Der Sozialverband fordert zudem, den gesetzlichen Mindestlohn »deutlich« anzuheben. Nach Berechnungen des Verbandes müsste die Lohnuntergrenze bei 11,60 Euro liegen, damit die Betroffenen wenigstens die Grundsicherungsschwelle von 773 Euro erreichen. Die im nächsten Jahr geplante Anhebung des Mindestlohns von derzeit 8,50 auf 8,84 Euro reicht demnach nicht aus.

Der Verband drängt auch darauf, dass für Hartz-IV-Bezieher »sachgerechte Beiträge« in die Rentenkasse gezahlt werden. Im Januar 2011 wurden die Pflichtbeiträge für Langzeitarbeitslose, die bis dahin vom Amt gezahlt wurden, Opfer eines »Sparpaktes« der damaligen schwarz-gelben Bundesregierung. Seitdem werden keine Beiträge mehr abgeführt. Klaus Michaelis, Vorstandsmitglied des Sozialverbands, plädierte dafür, dass Zeiten der Niedriglohnbeschäftigung und der Langzeitarbeitslosigkeit aufgewertet werden sollten. Zudem müssten die systemwidrigen Abschläge bei Erwerbsminderungsrenten abgeschafft werden.

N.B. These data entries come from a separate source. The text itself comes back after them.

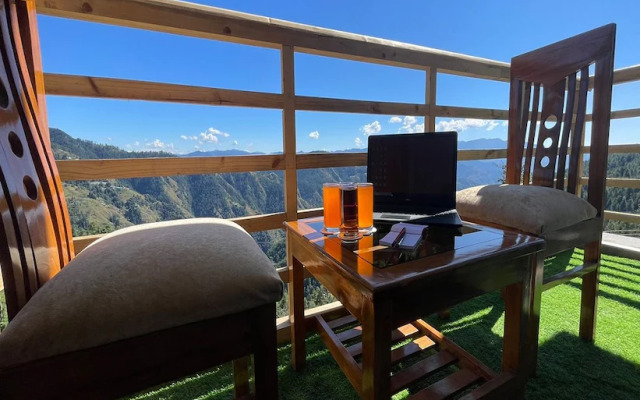 Mont Kufri Resort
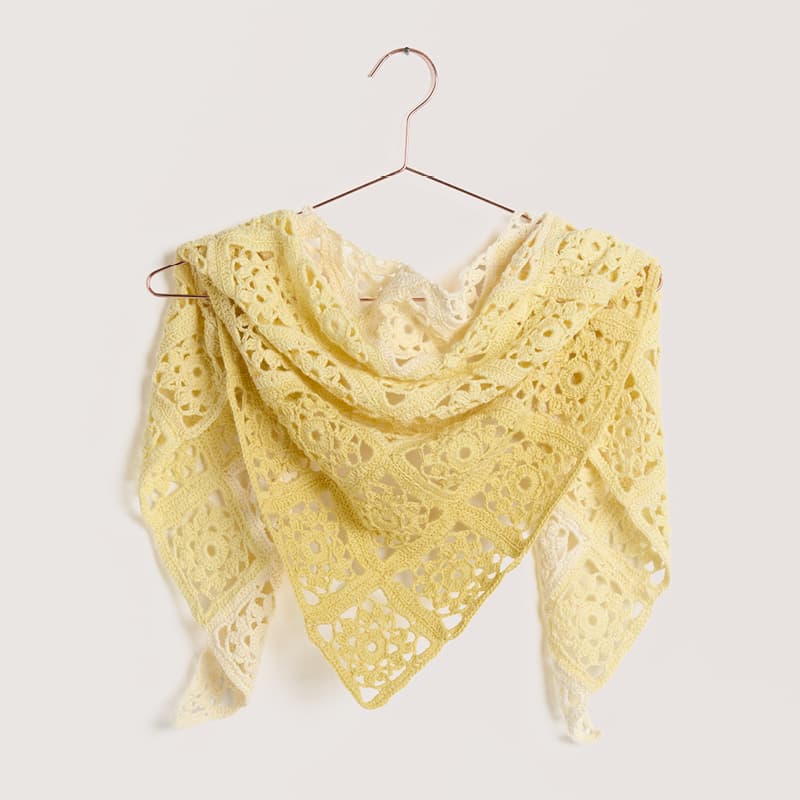 Gehäkeltes Tuch: Modell 06 aus dem Heft Lovewool No. 22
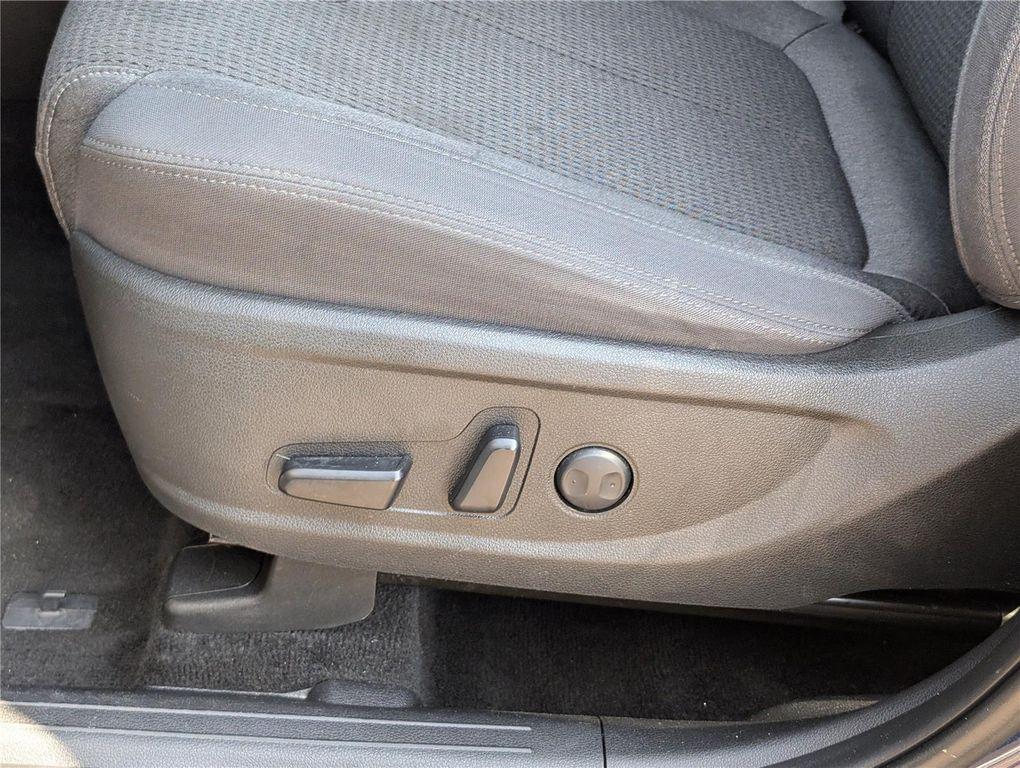used 2023 Hyundai Santa Fe car, priced at $19,998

Das Rentenniveau, also das Verhältnis der Rente zum Durchschnittsgehalt, sollte nach Ansicht des Verbands von derzeit 47,7 auf vorerst 50 Prozent angehoben werden. Nach derzeitigem Stand kann das Niveau bis 2030 auf 43 Prozent sinken.

Das alles ist nicht zum Nulltarif zu haben. Die Zusatzkosten schätzt der Sozialverband auf bis zu 35 Milliarden Euro. Geld, das vor allem aus dem Steuersäckel kommen soll. Der Verband schlägt vor, den Bundeszuschuss aus Steuern für versicherungsfremde Leistungen in der Rente um mindestens 20 Milliarden Euro anzuheben. Das würde den bestehenden Rückstau beim Zuschuss von 13 Milliarden Euro abdecken.

Viel Geld, meinte auch Sozialverbandspräsident Bauer, der »durchaus Potenzial« sieht, die Steuereinnahmen sozialverträglich zu erhöhen - etwa durch Anhebung des Spitzensteuersatzes und der Kapitalertragssteuer sowie die Wiedereinführung der Vermögenssteuer.

Die LINKE begrüßte die Vorschläge. Der SoVD liefere mit seinem Konzept »wichtige Bausteine für eine Rentenreform«, erklärte die Parteivorsitzende Katja Kipping am Dienstag. »Fakt ist: Die gesetzliche Rente muss gestärkt werden. Die schwarz-rote Bundesregierung ist schlecht beraten, wenn sie die Lebensleistung der Menschen in Deutschland den Interessen privater Versicherungskonzerne unterwirft«, erklärte Kipping.

Das arbeitgebernahe Institut der deutschen Wirtschaft (IW) in Köln appellierte dagegen an den Egoismus der Jüngeren und warnte vor hohen Kosten für die Generation der Kinder und Enkel. Eine Beibehaltung des Rentenniveaus von derzeit 47,5 Prozent würde im Jahr 2030 Mehrausgaben von über 28 Milliarden Euro verursachen.